Jeff Haas: Yeah, and basic basically the way to really treat this is the property we care about is we care about defining that authentication and the fact that this stuff is tied into mechanisms like TLS, QUIC, that we want to make use of, and BGP has a good use case for the authentication. Uh, from BGP’s perspective, a lot of the plumbing for TLS is actually in the way, and there are other proposals that I’ll paste into the chat about basically doing a handshake, getting authenticated, and then making TLS get out of the way. Anyways, let’s give Martin a second or two. Martin dropped. We’re good, Martin? Okay, thank you very much. We’re going to take this to the list, um, which would be SAAG at this point, um, to carry out more conversation.
So up next is this talk. I’m not sure who’s doing that.
Ah, they’re here. Thank you, Valerie. This is why we have Valerie. Perfect. Um, so we can give we may be able to give you clicker control. Should we do that? Do you want to turn your slides on? Let’s see what happens. Should work. Click it.
Laying Hua: Okay. Good morning, everyone. And thank the IETF meeting and the chairman for giving me this opportunity to speak here. My name is Laying Hua from the Institute of Commercial Cryptography Standards. Today I’m going to introduce China’s next-generation commercial cryptographic algorithm program, that is NGCC for short.
So, first of all, what is commercial cryptography? According to China’s laws, like the Cryptography Law of the People’s Republic of China and the Regulation on the Administration of Commercial Cryptography, commercial cryptography refers to technologies, products, and services utilized for encryption protection and security authentication on information that does not involve anything of state secrets and the like by using specific transformation methods.
So, China’s current commercial cryptographic algorithm system has basically established, which is composed of ZUC, the ZUC stream cipher algorithm, and SM4, block cipher algorithm, SM2, public key cryptographic algorithm that is based on elliptic curves, and SM3 hash algorithm, and SM9 identity-based algorithm. These algorithms have become the industry cryptography standards and also the information security national standards of China, and some of them have become the ISO and IEC international standards.
Next, I will introduce ICCS. ICCS, which is mainly responsible for conducting research on commercial cryptography standardization strategies, implementing the system of commercial cryptography standards, developing the system of commercial cryptography standards, developing and revising commercial cryptography standards, conducting validation, verification, testing, evaluation, publicity, and training of commercial cryptography standards, promoting and applying related scientific achievements, establishing the commercial cryptography standard resource library, and also offering information services of commercial cryptography standards as well as acting as the secretariat of national and industry commercial cryptography standards. So that is ICCS.
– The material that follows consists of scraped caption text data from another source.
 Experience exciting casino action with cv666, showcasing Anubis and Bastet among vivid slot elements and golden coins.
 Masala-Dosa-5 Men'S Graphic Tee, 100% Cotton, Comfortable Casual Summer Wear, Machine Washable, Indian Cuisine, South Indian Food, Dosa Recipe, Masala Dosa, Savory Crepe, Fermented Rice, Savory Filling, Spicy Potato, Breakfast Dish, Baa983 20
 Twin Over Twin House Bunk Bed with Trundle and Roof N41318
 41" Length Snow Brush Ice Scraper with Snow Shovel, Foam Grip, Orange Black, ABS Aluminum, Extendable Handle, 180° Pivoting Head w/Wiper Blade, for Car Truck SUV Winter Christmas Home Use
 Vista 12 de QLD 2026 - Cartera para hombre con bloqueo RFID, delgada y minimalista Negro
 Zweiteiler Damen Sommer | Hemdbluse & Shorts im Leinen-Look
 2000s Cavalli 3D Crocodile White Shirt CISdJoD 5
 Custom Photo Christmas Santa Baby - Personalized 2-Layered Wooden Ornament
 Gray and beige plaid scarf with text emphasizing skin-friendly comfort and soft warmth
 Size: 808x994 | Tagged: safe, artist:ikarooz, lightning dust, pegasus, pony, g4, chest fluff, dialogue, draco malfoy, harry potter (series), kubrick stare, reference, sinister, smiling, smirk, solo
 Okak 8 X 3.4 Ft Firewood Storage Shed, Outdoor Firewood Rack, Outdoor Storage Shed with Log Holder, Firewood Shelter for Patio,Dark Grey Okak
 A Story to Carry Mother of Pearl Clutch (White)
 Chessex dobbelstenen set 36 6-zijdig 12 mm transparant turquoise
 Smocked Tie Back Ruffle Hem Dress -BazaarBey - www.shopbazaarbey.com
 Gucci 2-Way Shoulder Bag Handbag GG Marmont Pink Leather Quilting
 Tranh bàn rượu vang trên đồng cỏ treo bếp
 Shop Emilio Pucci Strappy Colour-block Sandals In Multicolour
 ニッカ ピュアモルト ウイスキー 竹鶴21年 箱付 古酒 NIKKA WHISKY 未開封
And so, in response to the threat of quantum computing and to accommodate the evolving demands of emerging technologies such as big data, internet of things, cloud computing, and artificial intelligence, ICCS plans to call for proposals for public key cryptographic algorithms, cryptographic hash algorithms, and block cipher algorithms. This represents a new exploration building upon acquired research achievements of the international cryptography community, seeking to further stimulate innovation in cryptographic algorithm design and analysis techniques to enhance the novelty and diversity of cryptographic algorithms, particularly the post-quantum public key cryptographic algorithms, to drive more international academic communication and promote the advancement of cryptography. NGCC expects to establish an interoperable cryptographic algorithm suite and facilitate the standardization of the next-generation commercial cryptographic algorithm.
So, for each type of algorithm, there will be four phases before the finalist. And first is to release the announcement. And second is to call for comments or technical documents. And third is to collect the algorithm proposals. The submission window is nine months. And then there will be multiple rounds of evaluation on proposals. Each type of each type of algorithms will undergo at least two rounds of evaluation, and each round of evaluation will last about 9 to 12 months. And the duration for each round may be adjusted in accordance with the actual process. And then the algorithm status reports after each round of evaluation and the list of the finalist will be announced. The specific number of finalist will be determined upon comprehensive consideration of the solicitation and evaluation.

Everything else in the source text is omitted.